Question fréquentes

Comment l’incertitude peut-elle devenir une source de valeur dans l’approche optionnelle ?

L’approche optionnelle opère un renversement de paradigme par rapport à la finance classique : au lieu de pénaliser le risque, elle transforme l’incertitude (la volatilité) en un levier de création de valeur.

Voici comment ce mécanisme opère :

1. Le principe d’asymétrie des gains et des pertes

Dans la finance traditionnelle, le risque est perçu négativement car il augmente le coût du capital (CMPC), ce qui réduit la valeur actuelle des flux futurs. À l’inverse, dans l’approche des options réelles, la valeur de l’option croît avec le risque (la volatilité) de l’actif sous-jacent.

  • Mécanisme : Détenir une option, c’est avoir le droit, mais non l’obligation, d’agir. Cela permet à l’entreprise de capturer les opportunités favorables (upside risk) tout en se protégeant contre les évolutions défavorables (downside risk) en choisissant de ne pas exercer l’option.
  • L’exemple “Pile ou Face” : ce mécanisme est illustré par un jeu de pile ou face avec des enjeux faibles ou élevés (+/-  1 000 € ou +/-100 000 €). Si le joueur est obligé de jouer et d’assumer toutes les situations issues du jeu (gain et perte), le risque de perte est repoussoir. Si le joueur a le droit de se retirer après avoir vu le résultat, la volatilité devient purement bénéfique : il ne garde que les tirages gagnants. C’est cette asymétrie qui crée de la valeur.

2. La valeur de la flexibilité managériale (VANA)

L’incertitude crée de la valeur parce qu’elle donne du prix à la flexibilité du management. La différence entre la valeur d’un projet figé (VAN classique) et celle d’un projet flexible est la valeur de l’option.

  • La VANA : La Valeur Actuelle Nette Augmentée est égale à la VAN classique + la valeur de la flexibilité.
  • Application concrète : Dans un projet d’investissement incertain (ex: lancement d’un nouveau produit), la flexibilité permet de transformer un projet non rentable (VAN négative) en projet créateur de valeur. Par exemple, en introduisant la possibilité d’arrêter le projet si les coûts se révèlent trop élevés ou d’ajuster la capacité industrielle si le marché est plus petit que prévu, on coupe les pertes potentielles (le « downside ») tout en gardant l’espoir de gains élevés.
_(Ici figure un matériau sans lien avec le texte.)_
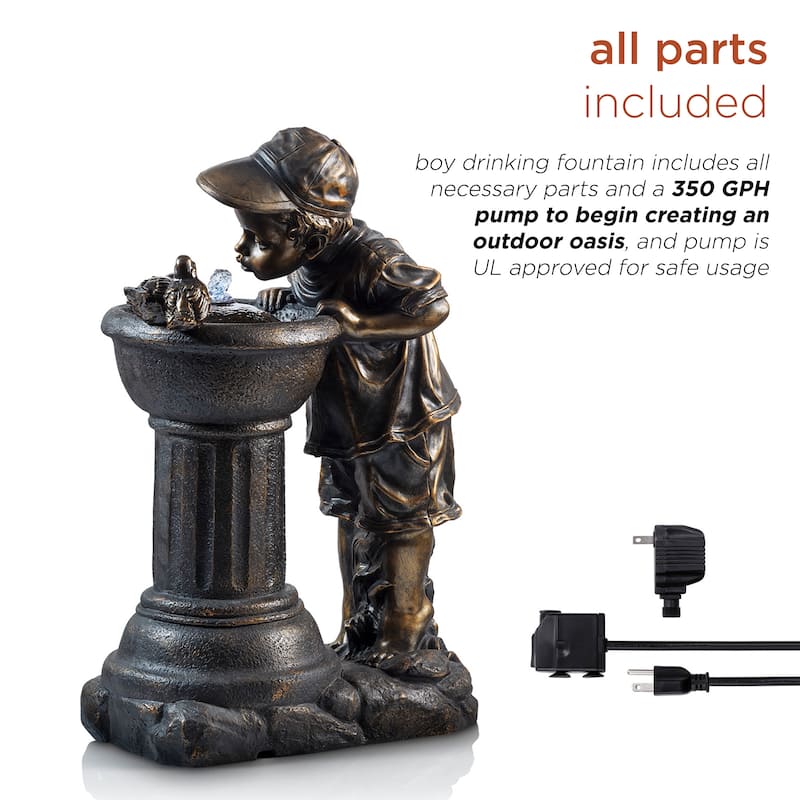 Alpine Corporation Outdoor Floor Joyful Boy and Girl Drinking Water Fountain, Playful Garden Waterfall with LED Lights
3. Les deux leviers de création de valeur par l’incertitude

Les sources distinguent deux catégories d’options où l’incertitude va être exploitée différemment :

  • Optimiser l’existant (PORO – Process Optimization Real Options) : l’incertitude porte sur les volumes ou les prix (ex: cours des matières premières). La valeur vient de la capacité à adapter le processus : fermer temporairement une mine si les cours sont bas (limiter les pertes) et la rouvrir quand ils flambent (maximiser les gains). Ici, la valeur vient de la réversibilité des décisions face à la volatilité des marchés.
  • Saisir la croissance future (GORO – Growth Opportunities Real Options) : l’incertitude porte sur l’existence même de futurs marchés. En investissant dans des actifs immatériels (R&D, marque, capital humain), l’entreprise se crée des “têtes de pont” ou des plateformes pour capturer des opportunités encore inconnues. L’incertitude est ici une source de valeur car elle recèle des potentiels de gains illimités (comme un médicament blockbuster ou un nouveau marché technologique).
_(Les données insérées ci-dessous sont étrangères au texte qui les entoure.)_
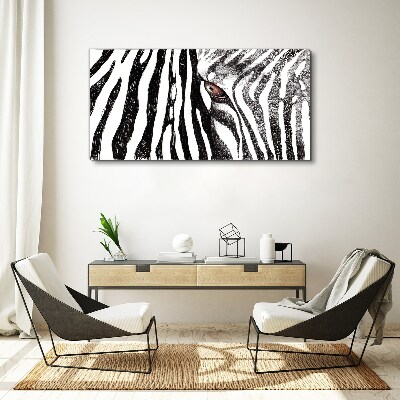 Schilderij op doek Zebra in monochrome stijl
4. La distinction entre “bons” et “mauvais” risques

Pour que l’incertitude crée de la valeur, il faut distinguer la nature du risque, notamment dans la R&D :

  • Risques destructeurs : L’échec technologique ou l’arrivée d’un concurrent. Ce sont des risques destructeurs de valeurs qu’il faut minimiser.
  • Risques créateurs : L’incertitude sur la taille du marché ou les nouvelles applications possibles d’une technologie. C’est cette volatilité-là (le potentiel de surprise positive ou “upside”) qui augmente la valeur de l’option.

En résumé, l’incertitude devient une source de valeur dès lors que l’entreprise adopte une «mentalité optionnelle», c’est-à-dire qu’elle investit (en payant une prime, comme le surcoût d’une usine flexible) pour se donner le droit de changer de trajectoire en fonction des événements futurs.